Подобно этому страдает и человек. Он привязывается к какому – то объекту  терзается еще и не одну жизнь. Конечно, он пытается как – то украсить это чувство привязанности. Он говорит о патриотизме, о любви, о долге и даже создает целую культуру или философию, но в действительности  все это просто механизм привязанности, приносящий бесконечные страдания и боль. Однако Ведические знания очень ясно объясняют нам, что в этом мире ненужно ни к чему развивать привязанность!  Не хватайте здесь ничего! Не вожделейте!  Не пытайтесь чем-то здесь завладеть! Это не ваше! Как на выставках пишут: “Руками не трогать!“ Почему? Потому, что, если человек почувствует привязанность и попытается завладеть чем-либо, то страдания неминуемо придут в его жизнь!

Что же делать и каков ответ на Ваш вопрос Татьяна? Если этот  феномен ваших отношений  беспокоит Вас, то Вам необходимо принять духовное знание. Истина  раскрывается в  книгах Шрилы Прабхупады. Бхагавад Гита 15. 2-3-4. Объясняет, что этот мир – сплетение гун природы, объекты чувств, кармической деятельности и т. д. Он подобен баньяновому дереву, которое разрастается так, что невозможно понять, где начало и куда все это идет! Что же рекомендует здесь в этой ситуации Бхагавад Гита? Там же читаем – “ Истинную форму этого дерева невозможно увидеть в материальном мире. Никто не знает, где его конец, где начало и где основание. Но, вооружившись топором отрешенности, мы должны разом срубить это дерево, пустившее глубокие корни. Затем нужно найти то место, откуда мы уже никогда не вернемся в материальный мир, и предаться Верховному Господу, стоящему у истоков всего сущего….. “ 

Вот фрагменты комментария Шрилы Прабхупады: ” ….. привязанность  к чувственным наслаждениям и господству над материальной природой очень сильна. Поэтому мы должны учиться отрешенности, слушая тех, кто обладает подлинным знанием….  “  И далее:  “Таким образом, чтобы перестать блуждать по ветвям могучего баньянового дерева материальной жизни, нужно предаться Кришне, а как только человек предастся Кришне, он естественным образом избавится от привязанности к этому материальному миру“.

Итак, Татьяна, подводя итог всему сказанному, можно обозначить такой ответ:
- ваши отношения – это результат привязанности, соединившей ваши судьбы скорее всего  еще в прошлых жизнях.
- привязанность к кому- либо или к чему- либо в этом мире является причиной страданий  и  подобна кандалам
- эти ваши отношения могут видеться как феномен только до того момента, как Вы обретете истинное знание.
- все эти знание содержатся в книгах Шрилы Прабхупады.
- эти знания позволяют в процессе духовной практики преданного служения избавиться от всех материальных привязанностей и обрести любовь и духовные привязанности.
- так душа освобождается от привязанности к этому миру и возвращается в обитель Господа – в духовный мир, в котором нет места страданиям и тревогам.

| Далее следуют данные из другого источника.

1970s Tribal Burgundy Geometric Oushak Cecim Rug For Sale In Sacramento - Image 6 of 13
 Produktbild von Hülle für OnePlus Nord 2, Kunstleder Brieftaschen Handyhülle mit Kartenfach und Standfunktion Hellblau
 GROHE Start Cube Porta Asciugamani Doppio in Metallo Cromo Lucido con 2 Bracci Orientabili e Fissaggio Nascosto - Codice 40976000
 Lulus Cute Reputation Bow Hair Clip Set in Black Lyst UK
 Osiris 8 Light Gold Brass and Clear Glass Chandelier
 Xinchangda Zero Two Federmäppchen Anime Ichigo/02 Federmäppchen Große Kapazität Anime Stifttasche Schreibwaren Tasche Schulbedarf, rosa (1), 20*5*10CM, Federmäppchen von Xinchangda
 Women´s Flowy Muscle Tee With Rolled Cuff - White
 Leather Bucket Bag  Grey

Татьяна, еще хочу добавить, что эти ваши отношения с парнем могут трансформироваться в серьезные и реальные отношения. Да, это возможно, но для того, чтобы это между вами произошло, вы оба должны измениться и стать  другими людьми. Если вы хотите изменить свою жизнь – вы должны оба изменить себя, стать другими. И тогда, когда вы изменитесь, то судьба предоставит вам обоим совершенно новые и лучшие возможности для ваших отношений!

Татьяна, надеюсь, что я ответил на Ваш вопрос.
Желаю Вам счастья и успеха на Вашем духовном пути!

----------